> [EXTRACTED RECORDS]
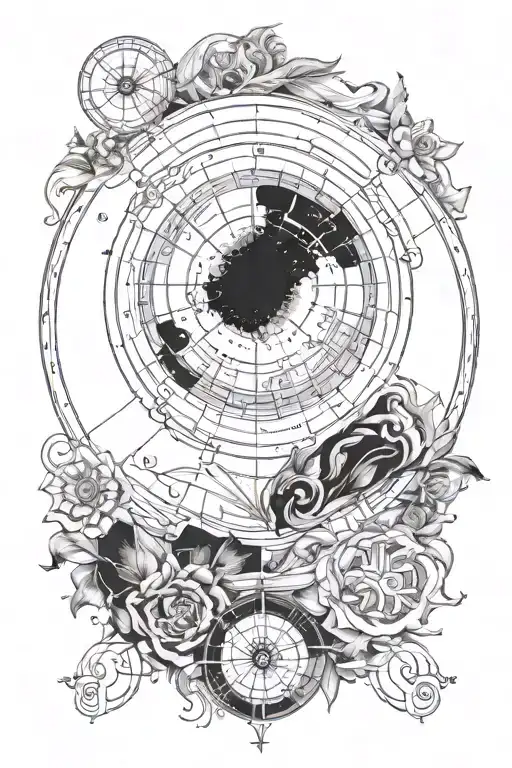 my circular birth chart tattoo design idea
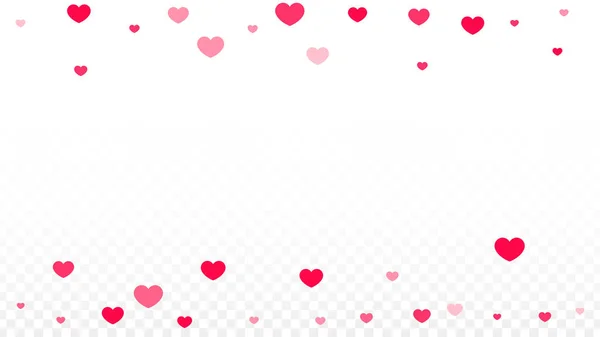 Hearts Confetti Düşen Arkaplan. Sevgililer Günü şablonu. Romantik Dağılmış Kalpler Tasarım Elementi. Sevgi. Tatlı bir an. Hediye. Satış ya da Kutlama için Sevimli Tasarım Elemanı. — Stok Vektör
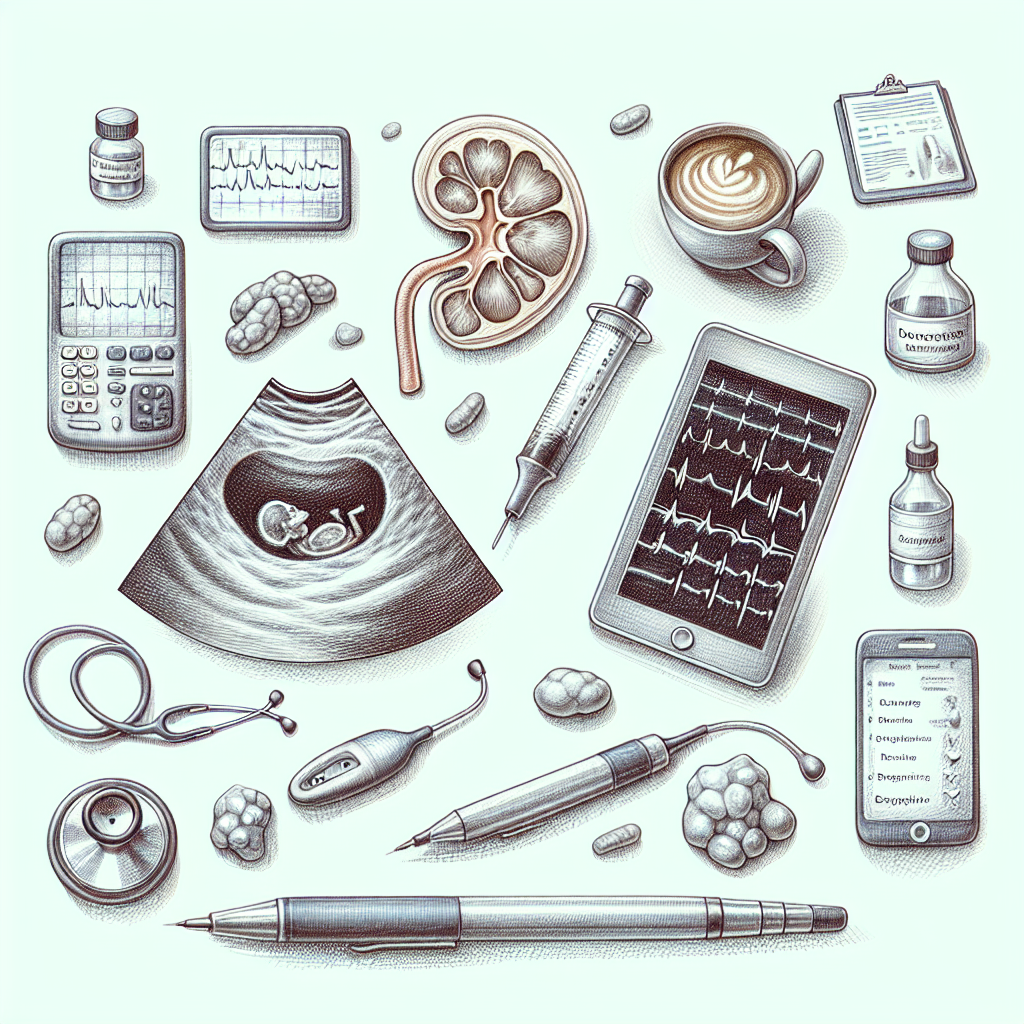 Sonografické vyšetření břicha a písek v ledvinách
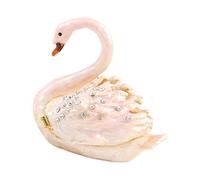 BELOWSYALER Boîte à bagues décorative avec motif oiseaux artistiques pour couples avec revêtement doux au toucher et boîte cadeau spacieuse pour la fête des amoureux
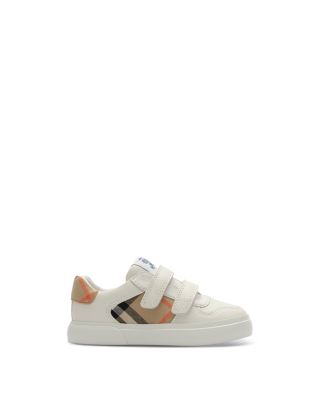 Unisex Noah Check & Leather Sneakers - Toddler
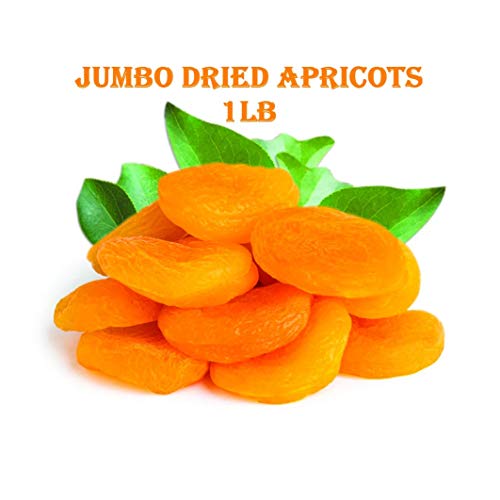 Secret Gardens Turkish Dried Apricots,Jumbo Apricots, Resealabl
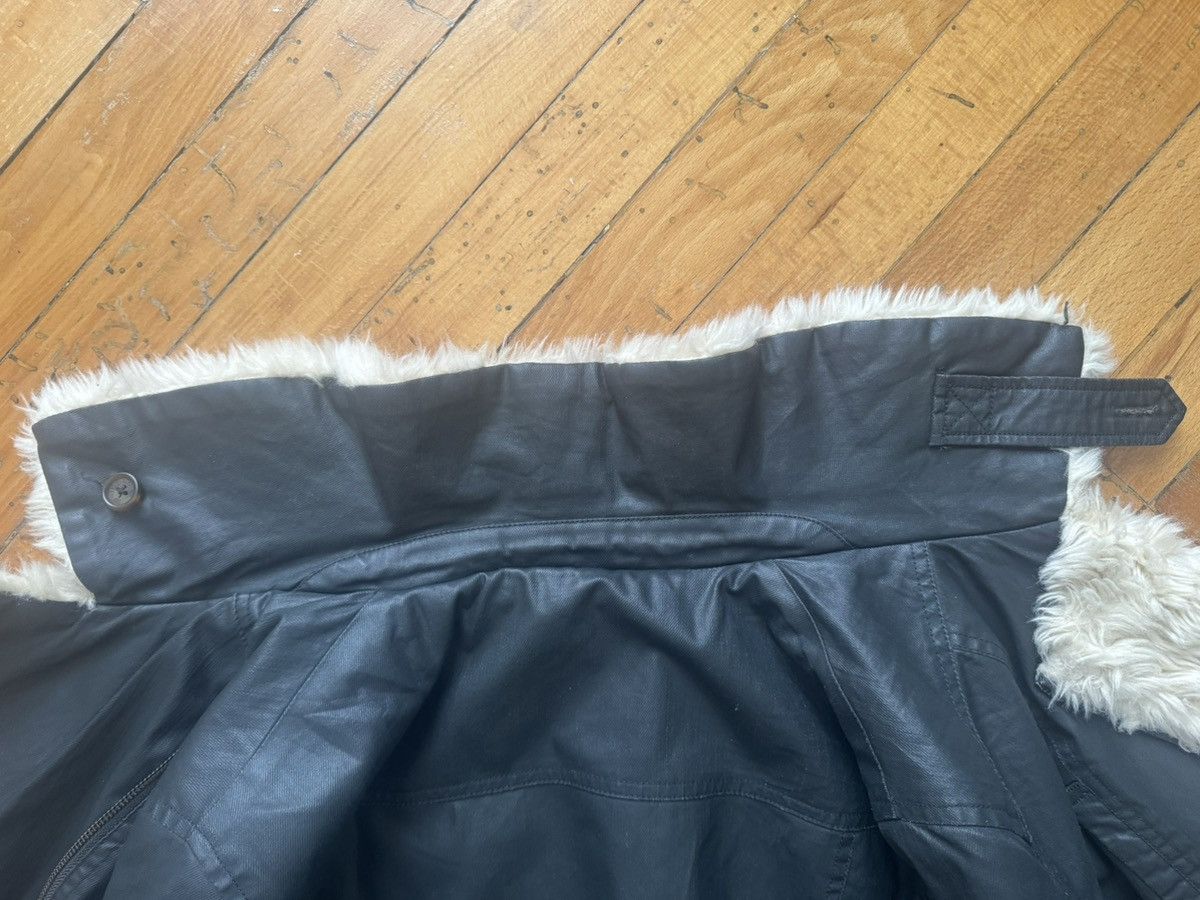 Vintage Biker waxed denim jacket with fake fur Size US M / EU 48-50 / 2 - 6 Thumbnail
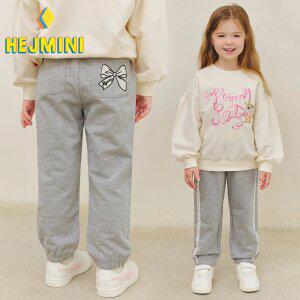 [헤이미니] 레이스리본조거팬츠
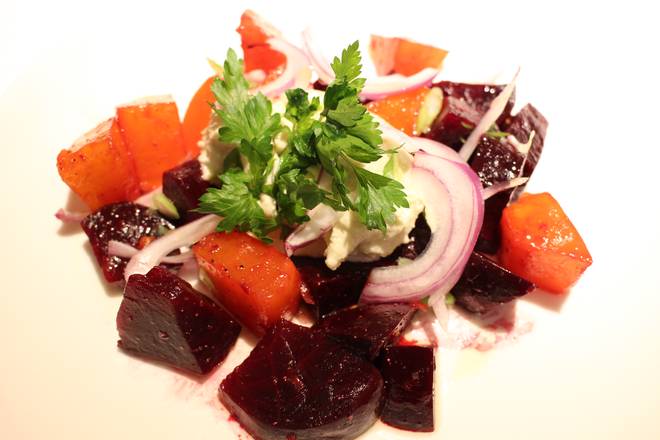 Order Roasted Beets Salad food online from Avra Beverly Hills store, Beverly Hills on bringmethat.com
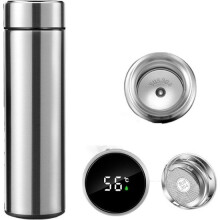 Termo con interior de acero inoxidable 304, capacidad de 500 ml, aislamiento al vacío durante 6-12 horas.
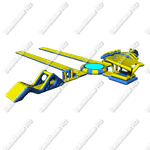 Коммерческий аквапарк на воде «Водный мир» 36×28×3 м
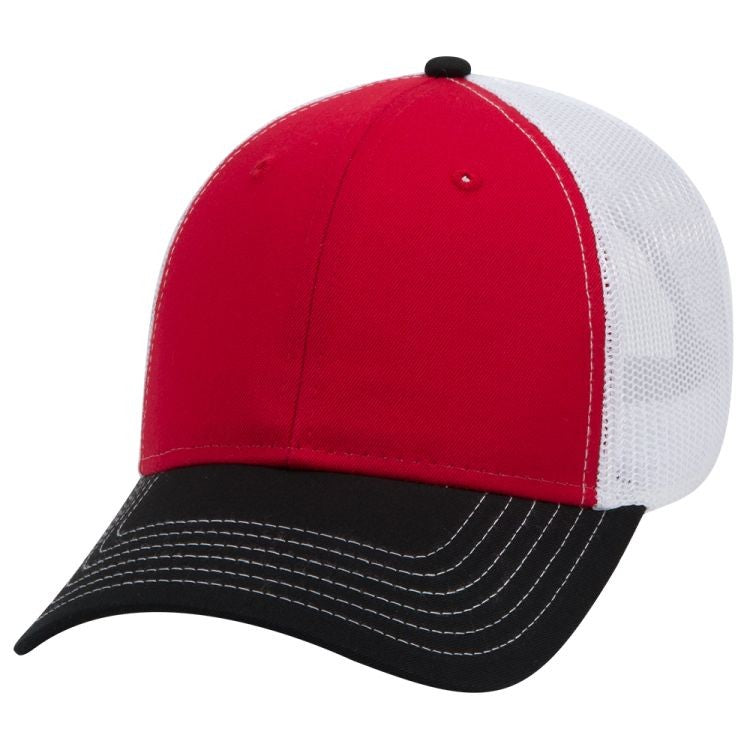 83-1239 OTTO CAP 6 Panel Low Profile Mesh Back Trucker Hat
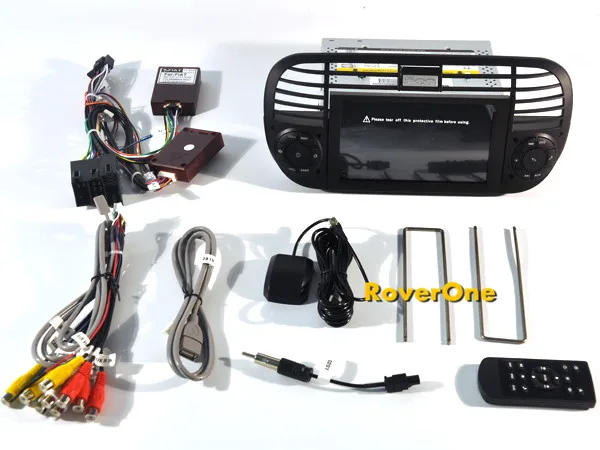 RoverOne Android 8 0 Автомобильная Мультимедийная система для Fiat 500 Cinquecento Abarth Радио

> [EXERCISE DIRECTIONS]
An exact restatement of every record is required. Omit the images.

> [SOLUTION FOR THIS TASK]
 my circular birth chart tattoo design idea
 Hearts Confetti Düşen Arkaplan. Sevgililer Günü şablonu. Romantik Dağılmış Kalpler Tasarım Elementi. Sevgi. Tatlı bir an. Hediye. Satış ya da Kutlama için Sevimli Tasarım Elemanı. — Stok Vektör
 Sonografické vyšetření břicha a písek v ledvinách
 BELOWSYALER Boîte à bagues décorative avec motif oiseaux artistiques pour couples avec revêtement doux au toucher et boîte cadeau spacieuse pour la fête des amoureux
 Unisex Noah Check & Leather Sneakers - Toddler
 Secret Gardens Turkish Dried Apricots,Jumbo Apricots, Resealabl
 Vintage Biker waxed denim jacket with fake fur Size US M / EU 48-50 / 2 - 6 Thumbnail
 [헤이미니] 레이스리본조거팬츠
 Order Roasted Beets Salad food online from Avra Beverly Hills store, Beverly Hills on bringmethat.com
 Termo con interior de acero inoxidable 304, capacidad de 500 ml, aislamiento al vacío durante 6-12 horas.
 Коммерческий аквапарк на воде «Водный мир» 36×28×3 м
 83-1239 OTTO CAP 6 Panel Low Profile Mesh Back Trucker Hat
 RoverOne Android 8 0 Автомобильная Мультимедийная система для Fiat 500 Cinquecento Abarth Радио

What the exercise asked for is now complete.